見ても見ても飽きない新感覚の町。でもそのうち、あの木陰は安心して暮らせそうだなぁ、ここは周りに家がたくさん浮かんでて賑やかだけど便利かもしれないなぁ、自分ならどっちがいいかなぁなんて、地上と同じような感覚で住処吟味をしていたりして。水の上というだけで、人が生活している、ということ自体には何も変わりがないんですね。
ではなんでわざわざここに暮らしているのかといえば、土地代がかからないから、というのが大きいみたい。物質的には同じように生活できるし、お金がかからないなら、ある意味では賢い物件ですね。
家々は開けっぴろげのことも多く、いろんなシーンが垣間見られます。こちらには裸んぼのちびっこが。もうそれだけでかわいいのに、隣でピンクシャツの小さなおねえちゃんがなにやらお世話していて、キュンキュンが止まりません。
目を疑うようなシーンもありましたよ、一寸法師発見!
ちびっこがたらいに乗ってどんぶらこ。ね、リアル一寸法師でしょ(笑)。それにしても歩いてあちこち行けない代わりにたらいを使って自由を手にいれるとは、なんてクリエイティブ。それにバランス感覚よすぎです。

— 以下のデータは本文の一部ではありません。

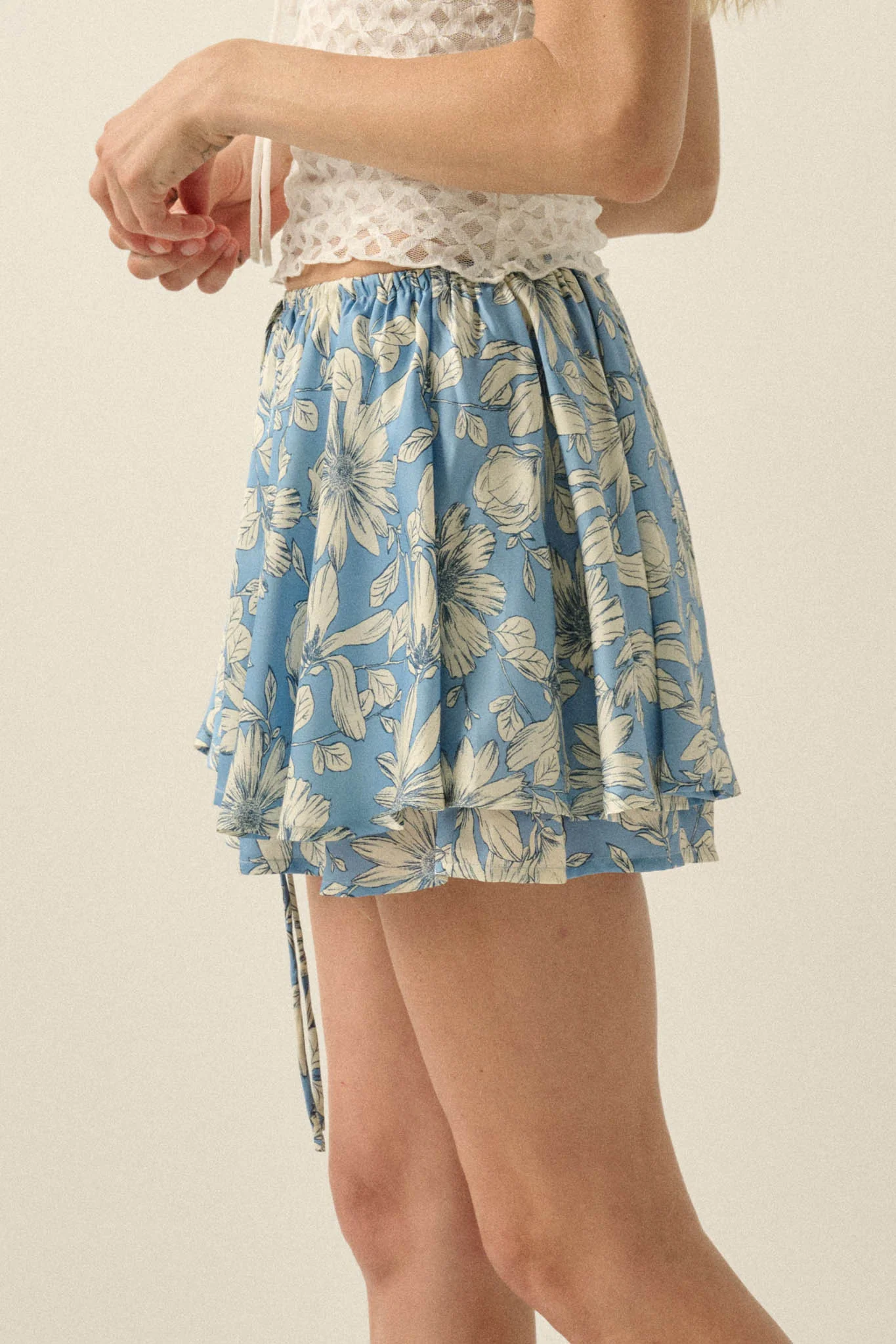 Dancing Daisies Floral Satin Drawstring Mini Skort - Image 12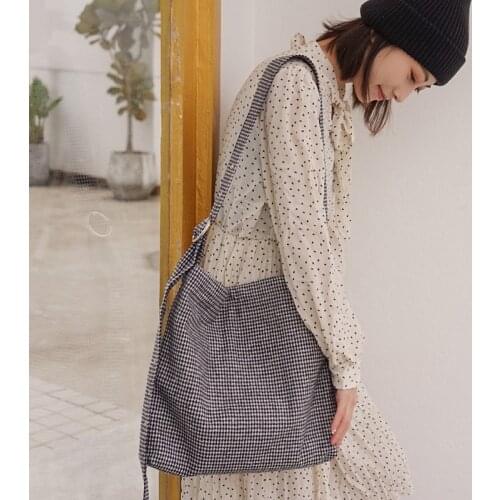 Women Thick Woolen Canvas Shoulder Bag Female Vintage Preppy Plaid Zipper Crossbody Bags Girls' Large Capacity Adjustable Totes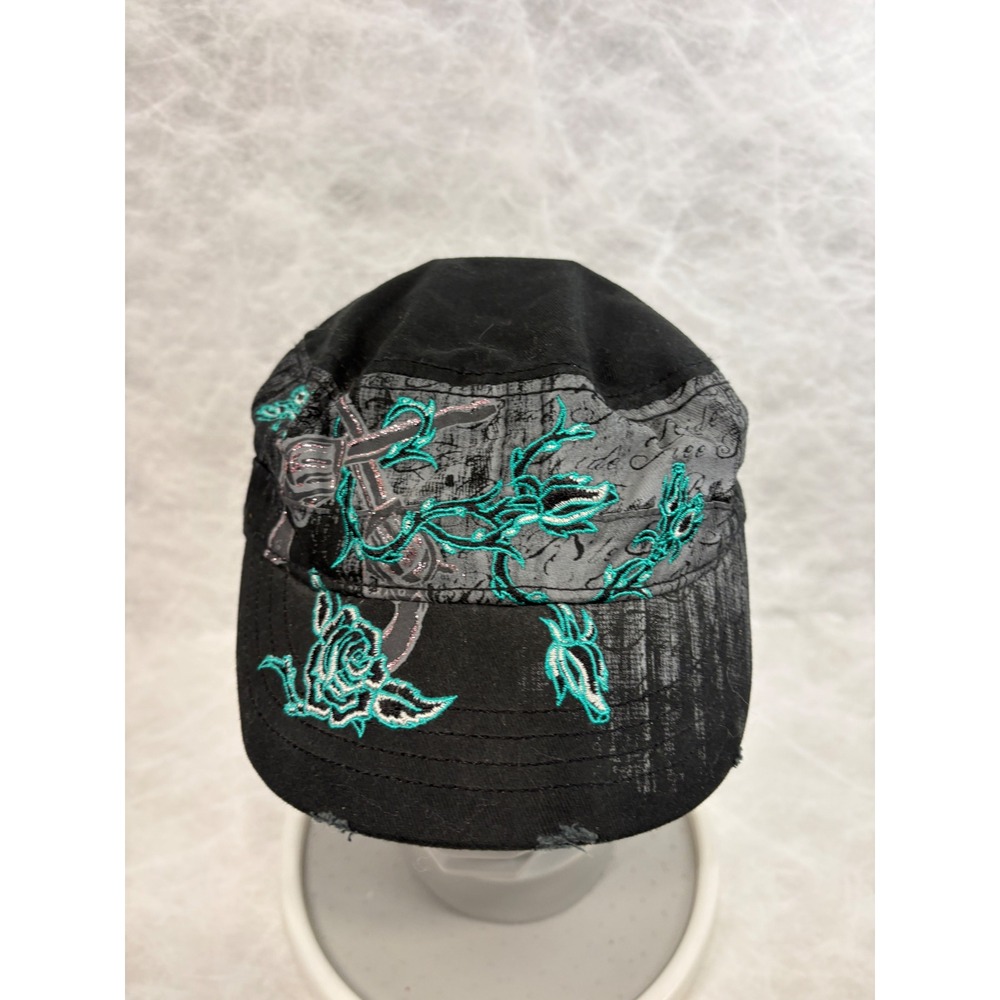 Hot Leathers Black Cadet Hat Teal Rose Embroidery Distressed Biker Military Cap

04 湖に浮かんで夕日を見送る……贅沢なひとときをどうぞ
太陽は気がつけばずいぶん水平線近くまで来ていました。ここはひとつ町を抜け、大海原ならぬ大湖原でお見送りをしましょうか。
夕日はいつだって感動的だけど、トンレサップ湖上でのそれはひと味違うんです。浸れる深度がぐんと高くてきっとじーんときちゃいますよ。
だってここは水の上。静かな湖面といっても、多少の揺らぎはもちろんあります。ゆらゆらと心地よくゆられ、チャプチャプいう水の音を聴いていると……これは太陽の光が湖面に伸びている振動かもと思えてきましてね。太陽が地球の向こうに沈もうとするその動きを、目だけでなく、体で耳で感じ知って湧き上がる一体感。なんなら運命共同体。太陽と、空と、湖と、風と、船と自分。なんてロマンチック!
そうして知ったのは、この日の太陽は水平線に入るときだけ真っ赤っか。その前後は濃密なオレンジ色でした。湖の上ではこんな微妙な変化すら感じ取ることができるほど何にも邪魔されず、太陽と、太陽を取り巻く空間と向き合えるのです。
ビュンとなかなかの勢いで滑って来たのは、どうやらお兄ちゃんと弟が乗った手漕ぎボート。暗くなる前に、夕飯に間に合うように、慌ててお家に帰っているのでしょうか。弟くんが船尾のどこかにしっかりつかまって固まっているのがかわいくて、かわいくて。
並走する客船も、太陽の余韻に照らし出されてとってもムーディ。自分の乗った船や自分も、周りから見ると味のある影絵になっているのかもしれません。
05 トンレサップ湖の恵みを市場に発見、魚コーナーが大充実
翌朝、シェムリアップの市場に行ってみました。トンレサップ湖の恵みを確かめようと思いまして。
魚売り場へ進むと、いやーびっくり、まるで内陸の街の市場とは思えません。魚魚魚、数も種類もなんて豊富! 600種もの淡水魚が住まうと言われるトンレサップ湖の恵みはさすがです。
それにしても、市場のみなさんの笑顔のすてきなこと! 「チョムリアップスォ(こんにちは)」ニコッと声をかけつつカメラを指さすと、あちらもニコッ。きっと、「撮っていい?」「いいわよ」が成立してるんですよね。あー幸せ。撮らせていただくこともそうですが、笑顔を交わし合う喜びったら。旅行はいいなぁとつくづく思う瞬間です。
いかがでしたか? 感動と発見と恵がいっぱいのトンレサップ湖、シェムリアップを訪れたならぜひとも足を伸ばしてくださいね。思い出が一層カラフルになると思います。